Maryland Law on Spoliation

I remember learning about spoliation in law school. I never imagined how frequently these issues would affect my law practice. Particularly in truck accident cases where defendants seem to lose everything imaginable. Spoliation, for non-lawyers and new lawyers, is when the defendant purposefully or stupidly destroys evidence that it knows or should know would be relevant evidence at trial. Under Maryland law, there are many means to deter, penalize, and ameliorate the prejudicial effects of spoliation. The most common weapons, evidence sanctions, and/or corrective jury instructions, are available to Maryland trial judges as remedies to deal with acts of spoliation. These judges have wide discretion to deal with these parties that destroy evidence.

In Miller v. Montgomery County, 494 A.2d 761 (Md. App. 1985), the Maryland Court of Special Appeals explained that the destruction or alteration of evidence by a party to a lawsuit may give rise to inferences or presumptions unfavorable to the spoliator. What is the inference or presumption? That is up to the trial court who has wide discretion to fashion a remedy. The biggest factor is the intent or motivation of the destroying party. But make no mistake, notwithstanding Black’s Law Dictionary’s definition, a spoliation instruction in Maryland may be appropriate even if the party who lost or destroyed the evidence lacked malicious intent.

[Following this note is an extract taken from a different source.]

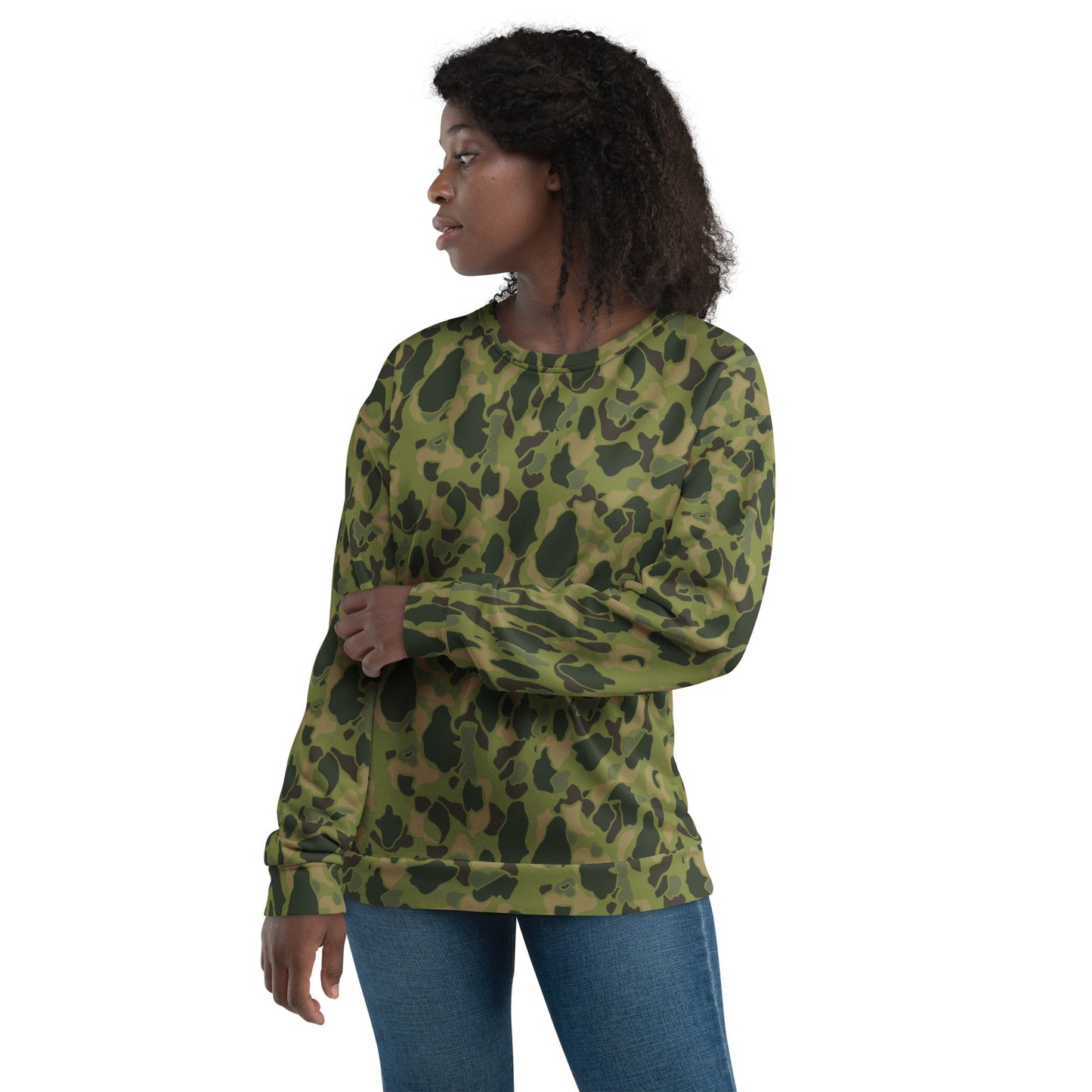 American Frog Skin Tropical CAMO Unisex Sweatshirt - Sweatshirts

Maryland courts have not hesitated to fashion a remedy in the form of sanctions for spoliation of evidence. Klupt v. Krongard, 728 A.2d 727, 738 (Md. App. 1999). The ultimate sanction of dismissal or default when spoliation may be imposed when the spoliation involves: (1) a deliberate act of destruction; (2) discoverability of the evidence; (3) an intent to destroy the evidence; (4) occurrence of the act at a time after suit has been filed, or, if before, at a time when filing is fairly perceived as imminent.
You can learn more about these to key Maryland spoliation opinions here.

When Is the Duty to Preserve Evidence Created?

Maryland law creates no general duty to preserve documents, things, or information. But you believe you may become a party to a lawsuit, you are not permitted to destroy unique, relevant evidence that might be beneficial to the opposing party.

What Is the Jury Instruction for Spoliation in Maryland?

The jury instruction for spoliation of evidence is as follows:

The destruction of or the failure to preserve evidence by a party may give rise to an inference unfavorable to that party. If you find that the intent was to conceal the evidence, the destruction or failure to preserve must be inferred to indicate that the party believes that his or her case is weak and that he or she would not prevail if the evidence was preserved. If you find that the destruction or failure to preserve the evidence was negligent, you may, but are not required to, infer that the evidence, if preserved, would have been unfavorable to that party.

Is Spoliation an Independent Tort in Maryland?

Spoliation is not an independent tort in Maryland.

How Does Maryland Law Define Relevant Evidence?

Maryland Rule 5-401 defines “relevant evidence as evidence that has a “tendency to make the existence of any fact that is of consequence to the determination of the action more probable or less probable than it would be without the evidence.